Dans le genre capital, c'est à dire induisant à sa suite nombre d'autres méchancetés, vices ou malfaçons, le mensonge se pose là.
Car il ne concerne pas seulement la parole effective, le prononcé. Il atteint aussi le pensé, le conçu.
En particulier avec ce mensonge existentiel qui consiste dans le faux-self, le moi en porte-à-faux.
"Le revers de la vérité a cent mille figures et un champ indéfini" dit encore Montaigne.
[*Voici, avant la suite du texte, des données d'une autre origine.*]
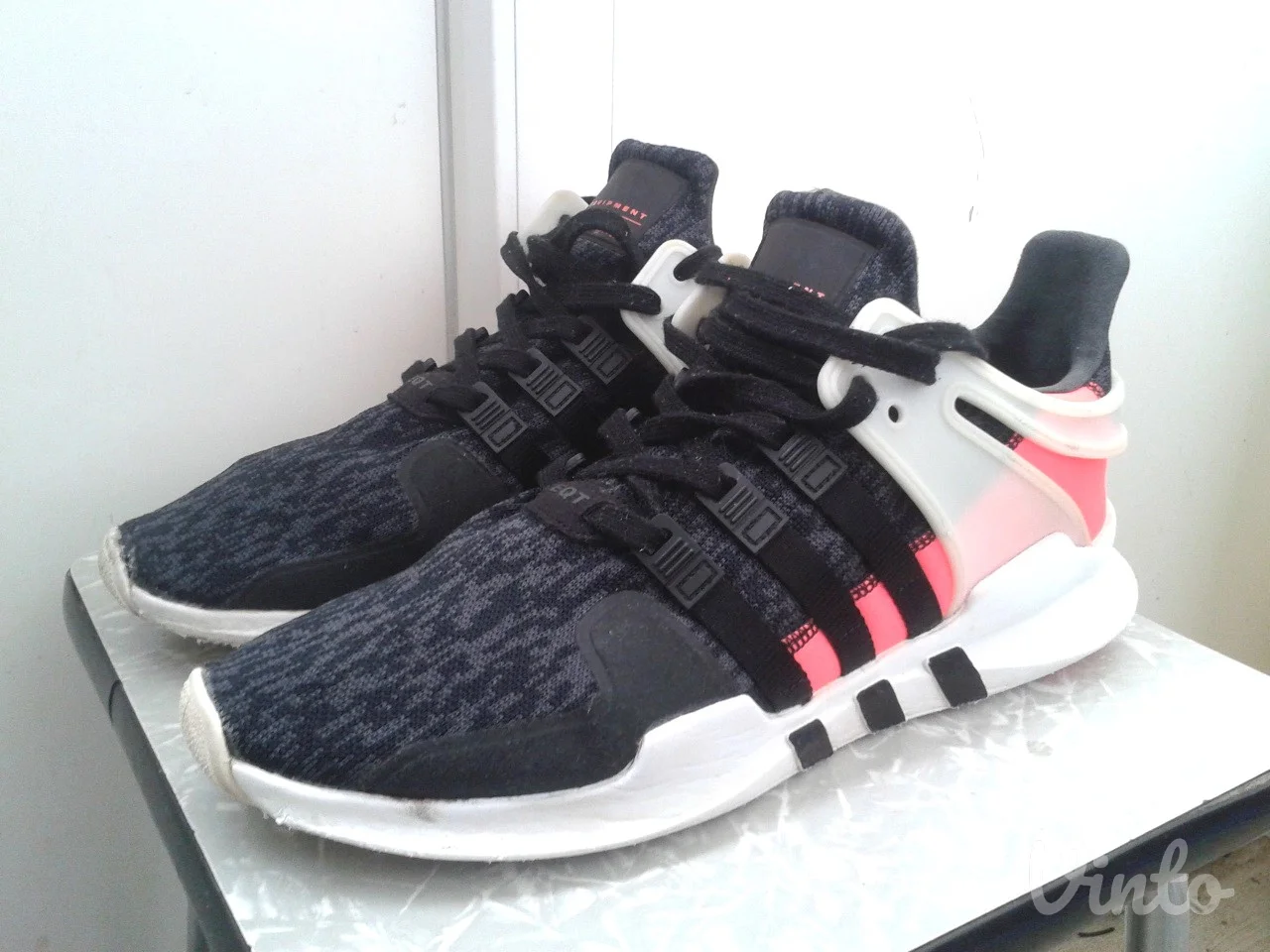 Adidas EQT Support Advance original patika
Le mensonge qui prend la vérité à revers serait donc nommé à bon droit le père de toutes les perversités.
Ce serait au moins aussi approprié que le fameux l'oisiveté est mère de tous les vices.
Quant au chiffre de cent mille, il amène à la comparaison avec le beaucoup moins considérable 7. Sept péchés capitaux seulement ?
De toute évidence le chiffre est retenu pour sa charge symbolique, entendant désigner à lui seul le champ indéfini dont parle Montaigne.
Et puis c'est pratique, c'est le nombre des jours de la semaine.
"C'est lundi c'est colère !" (Jour de la Lune et des lunatiques). Jeudi jour de Jupiter roi des dieux, pour l'orgueil (j'ai dit quelque chose ?). Vendredi jour de Vénus, pour la luxure. Mercredi jour de Mercure dieu du commerce, pour l'avarice. Samedi repos de shabbat, disons la paresse. Mardi jour de Mars, pour l'envie à la source des guerres. Dimanche jour du Maître, pour la gourmandise. Parce que le Maître se taille la part du lion.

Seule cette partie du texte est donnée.